Do not!! Remove rings from pistons or try to measure gap. Removing them can slightly bend them & then you'll be in trouble. Don't bind them, just let them spring out & be as they will. Seal case mouth with lint free cloth & clean rings & grooves with carb cleaner spray or even just motor oil. Make sure you flush any loose carbon etc. out from behind rings. If you have compressed air it's simple as air will blow it out nicely. Don't worry about the hard brown deposits, they will just stay put as they were. Decarbon piston tops & top sides of pistons above top ring.

Oil cyl bore, pistons, rings, wrist pins(as possible) with motor oil. Do NOT assemble dry ever on a used bore. Squirt lots of oil down on rod bearings once all is cleaned.

Line up the rings in 3rds avoiding a ring gap at front or rear, or at wrist pin. The rings rotate as you ride anyway, but that is where I start with.

I have personally reused pistons & rings on several hundred motors to good results. Again, that is when motor was good to start with.

Regarding Loctite 518 it is outstanding stuff. Very similar to the Mercedes sealant we use at work. A really good thing is it doesn't harden if not pinched, meaning if some gets into the oil, it can't clog anything & simply dilutes away in the oil. Silicon on the other hand can clog everything if it gets into the oil.

I've put this type sealant on studs & nuts, washers as well as machined joints. It also acts as a mild thread locker. Yet not very hard to undo even at room temp. I've put it on countless thousands of gaskets to good results. I would for sure use it on the base gasket, nuts, washers. You will be assured of no leaks. I love this stuff. I know for sure the sealant can last at least 34 years with not a seep.

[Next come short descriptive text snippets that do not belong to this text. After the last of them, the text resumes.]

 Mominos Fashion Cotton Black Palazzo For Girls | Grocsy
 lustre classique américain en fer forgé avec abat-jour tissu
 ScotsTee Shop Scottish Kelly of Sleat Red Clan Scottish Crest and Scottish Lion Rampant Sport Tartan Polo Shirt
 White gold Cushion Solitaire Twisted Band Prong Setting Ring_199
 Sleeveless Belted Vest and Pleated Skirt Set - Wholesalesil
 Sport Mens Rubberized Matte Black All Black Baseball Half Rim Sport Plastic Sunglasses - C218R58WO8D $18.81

On a paper gasket I like to lay the gasket on a surface such as cardboard. Brush it over gasket with a small acid brush or the like. Turn gasket over & brush other side. Not very thick coat. This allows sealant to soak into paper to a degree & will not hardly squish out & make a mess. Even with sealant on the nuts, you'll be able to retorque base nuts & the sealant will not leak.

Loctite suggests the sealant works with rubber gaskets. I've not had that great of results with that. Rubber gaskets seal good on their own for the most part. However it's fantastic on threads such as plug with an o-ring as the threads won't leak even if o-ring does.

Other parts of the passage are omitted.